- Opening Delimiter -

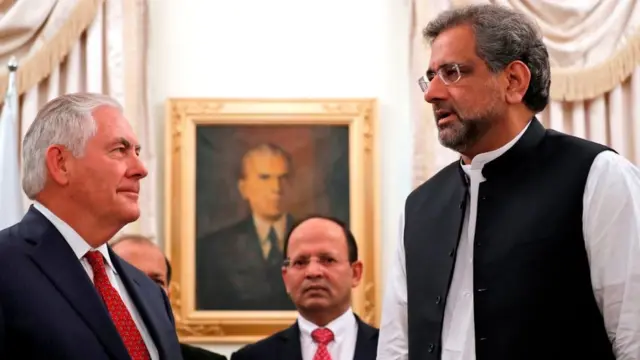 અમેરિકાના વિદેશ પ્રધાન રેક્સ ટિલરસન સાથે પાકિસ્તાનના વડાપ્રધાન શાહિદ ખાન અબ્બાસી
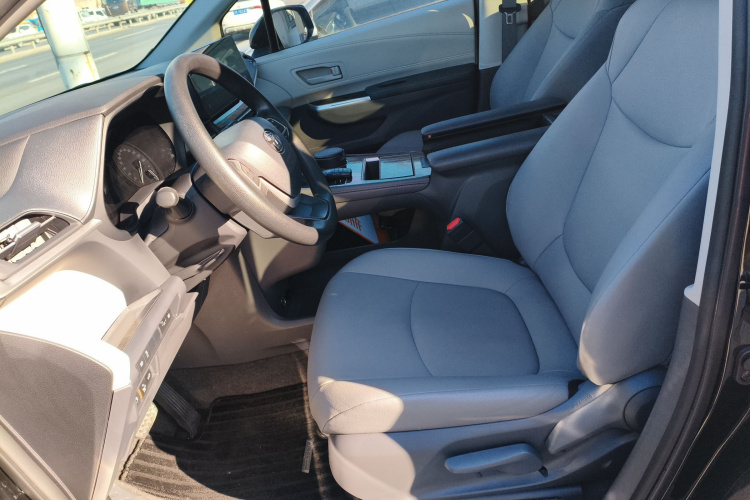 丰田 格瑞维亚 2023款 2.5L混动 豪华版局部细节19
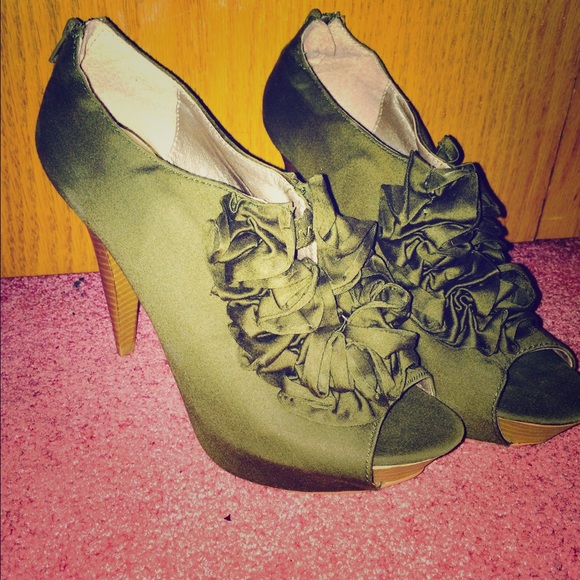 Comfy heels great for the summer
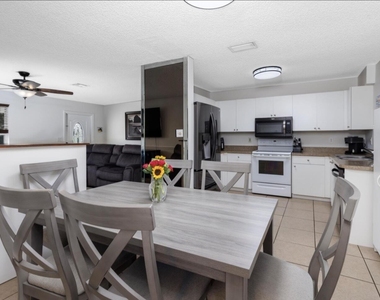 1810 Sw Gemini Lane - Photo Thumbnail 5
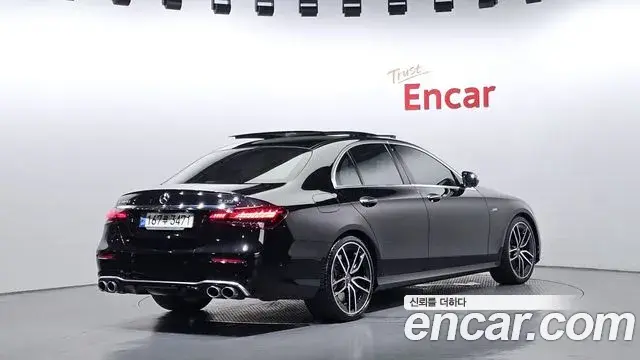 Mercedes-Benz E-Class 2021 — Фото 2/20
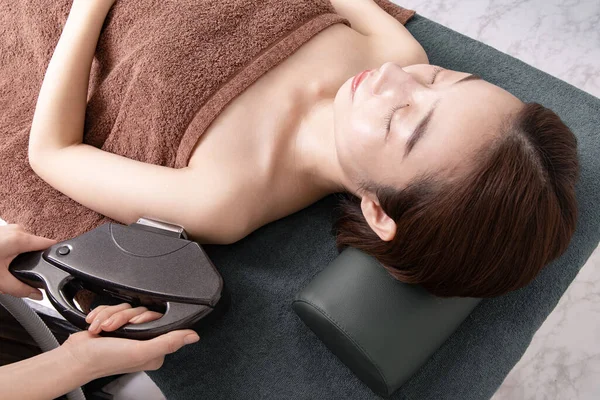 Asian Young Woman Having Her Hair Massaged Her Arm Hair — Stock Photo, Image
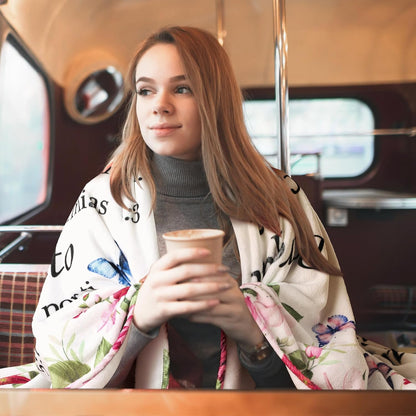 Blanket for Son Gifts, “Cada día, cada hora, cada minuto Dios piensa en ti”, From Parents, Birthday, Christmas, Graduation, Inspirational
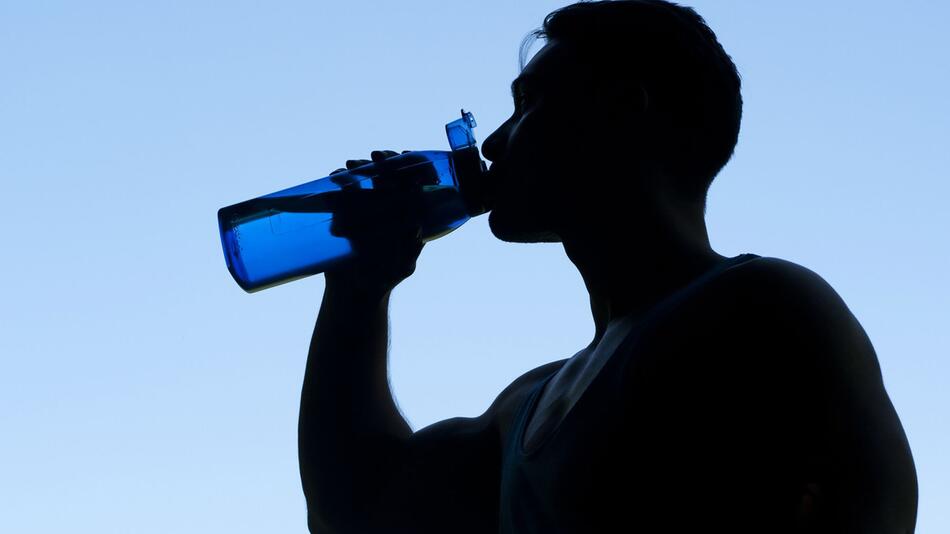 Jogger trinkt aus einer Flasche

- Closing Delimiter -

§ Exercise instructions
Leave out every picture, and repeat word for word only the lines from the one holding "Comfy heels great for the summer" through the end of the entries above, both ends included.

§ Your response
 Comfy heels great for the summer
 1810 Sw Gemini Lane - Photo Thumbnail 5
 Mercedes-Benz E-Class 2021 — Фото 2/20
 Asian Young Woman Having Her Hair Massaged Her Arm Hair — Stock Photo, Image
 Blanket for Son Gifts, “Cada día, cada hora, cada minuto Dios piensa en ti”, From Parents, Birthday, Christmas, Graduation, Inspirational
 Jogger trinkt aus einer Flasche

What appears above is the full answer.